Started by November 24, 2001 08:54 AM
2 comments, last by Hamster 23 years, 2 months ago
Hello, I''ve been trying to program a close range fighting game, but am having problems with the collision detection. My latest idea is that I could try and map cylinders/boxes/spheres to the bones and joints of each character to move with the sketleton, but setting this up looks like a lot of hard work (I''d probably have to program a plugin for my modeller etc, in the longrun), so if this isn''t the accepted tecnique and anyone can suggest one, please let me know. Thanks for the help, John Also: Is there any special technique employed in beat-em-ups when throwing an opponent? Punches and kicks seem ok, but throwing looks quite complicated to set up.
There is absolutely nothing wrong with your theory here, so do have confidence to proceed with it.

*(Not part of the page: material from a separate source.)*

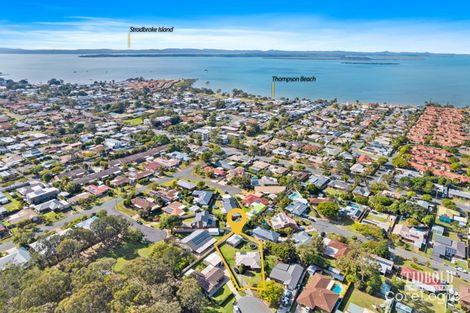 Property photo of 4 Sunshine Street Victoria Point QLD 4165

It shouldn''t be too hard to attach various geometric collision primitives to the bones in your modelling package, either along with the skin or on the same bones but in a seperate file.

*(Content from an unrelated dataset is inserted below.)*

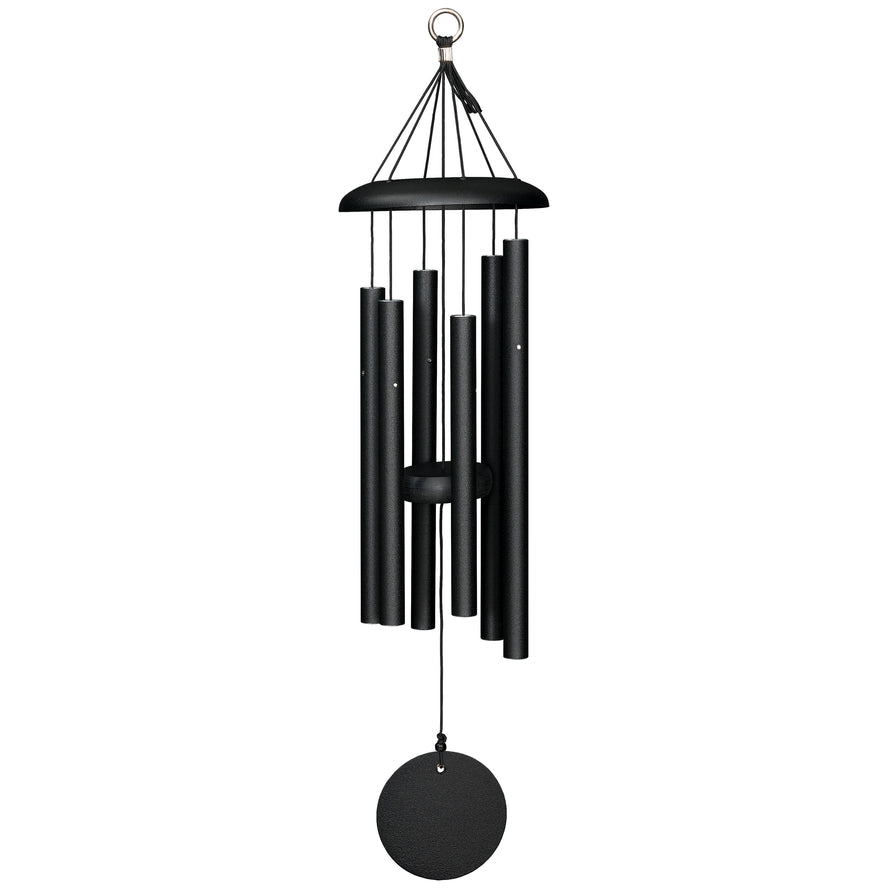 Wind River, Corinthian Bells ® 27-inch Windchime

Ultimately you''re just looking for a means of recognising that they are what they are, and not part of the skin. You''ll want to export them in an optimium format (just the plain bounding data) and like a skin vertex, you''ll obviously have to know which bone each bounding volume is attached to.

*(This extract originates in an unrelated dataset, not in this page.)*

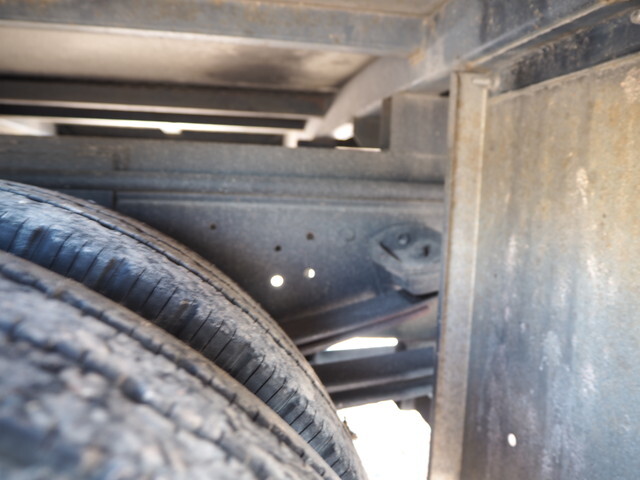 日野デュトロ移動販売車小型（2t・3t）[写真22]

The key focus of your plug-in development will then resolve down to adding extra functionality necessary (if any) in attaching bounding volumes to bones, perhaps tagging it as necessary to signal that it''s not part of the skin and finally...export.

Throwing is perhaps much more simple than other moves. It''s simply a replay of two animations. You need to determine if the throw is possible and ensure that the characters are in the correct positions to initiate the anim and simply replay the ''throwing'' and ''being thrown'' animations on the respective characters.

The difficult part of throwing...if your characters are of different sizes, then it''s common to have problems positioning hands (for the grapple) prior and during the throw. The throw animations need to match the hand positions up with every character you''ll fight against, or have a different animation of the same throw for each different opponent (a perfectly acceptable solution).

However, you can also solve this by putting grip points for each hand on various frames of animation (again something you need to add to your plug ins to define) and use IK to make the hands attach properly. They are basically targets for the hands to attach to. This is more complicated but basically saves on animation work and the potential memory footprint. It does mean extra work in you animation engine though.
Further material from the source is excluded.